Analysis: Furlough confusion and a government of Chinese whispers
This week the Prime Minister revealed Scotland would have access to the furlough scheme if the country went into another lockdown.
The news was a huge boost to Scottish Tory leader Douglas Ross, a win that that lasted less than 24 hours. Just one day later, Housing Secretary Robert Jenrick rowed back and insisted it was a matter for the treasury.
Mr Ross then insisted the “commitment is definitive”, and claimed the PM had made a guarantee. A few hours on, Chief Treasury Secretary Steve Barclay refused to answer the question when directly asked by Tory MPs.
Another day, another mishap.

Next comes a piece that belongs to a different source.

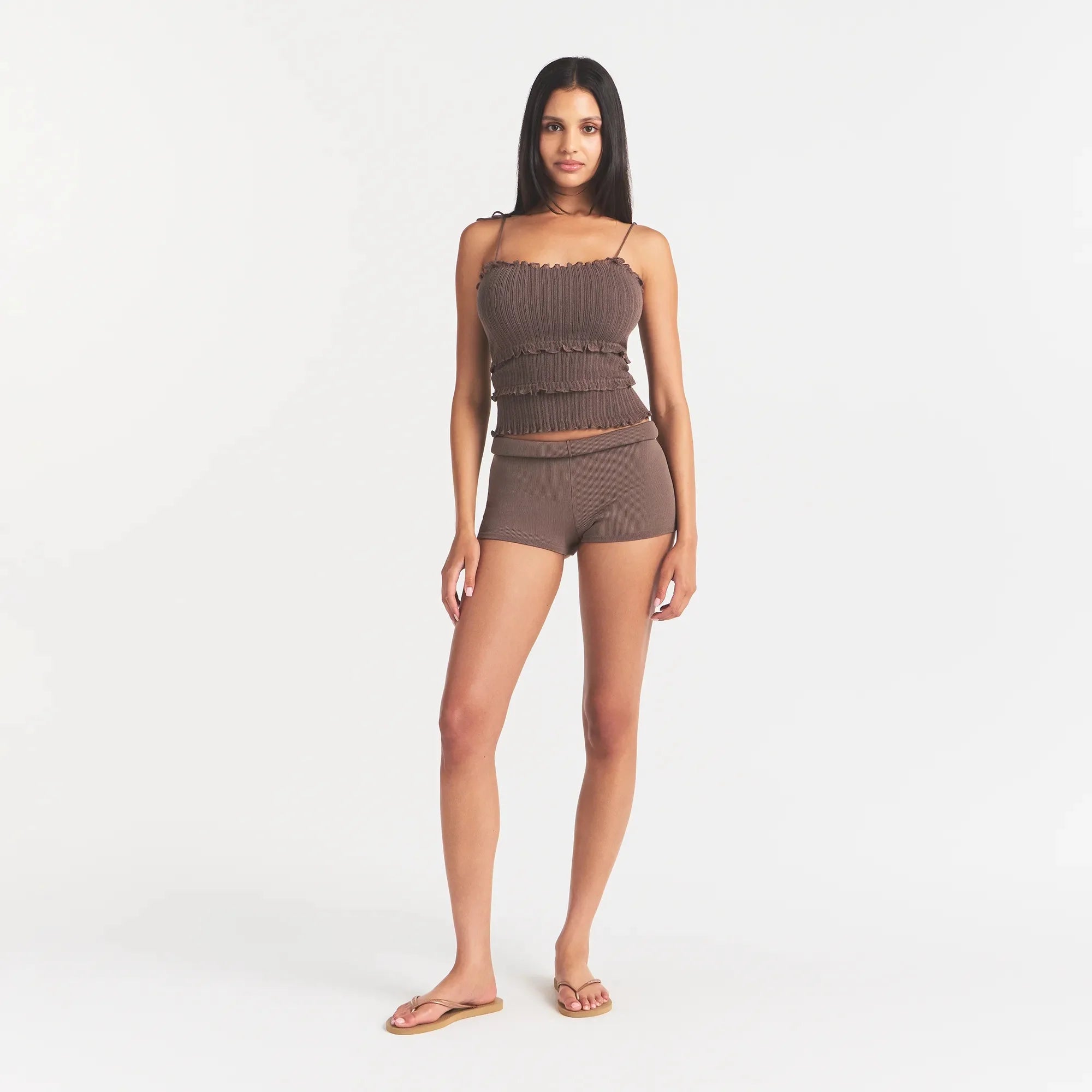 SHEER KNIT RUFFLE CAMI | AMETHYST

Offered an open goal and the chance to hand a boost and clarity to Scotland, the PM once again ballooned it over the bar.
This is a government that approaches ‘comms’ like a game of Chinese whispers, announcing or leaking plans before reversing them at a later date.
On November 3, the PM ruled out exemptions for his new restrictions for golf and tennis, something Michael Gove then said would be allowed. He later corrected himself, but this confusion in government bleeds into the public. If they don’t know what to do, how should we?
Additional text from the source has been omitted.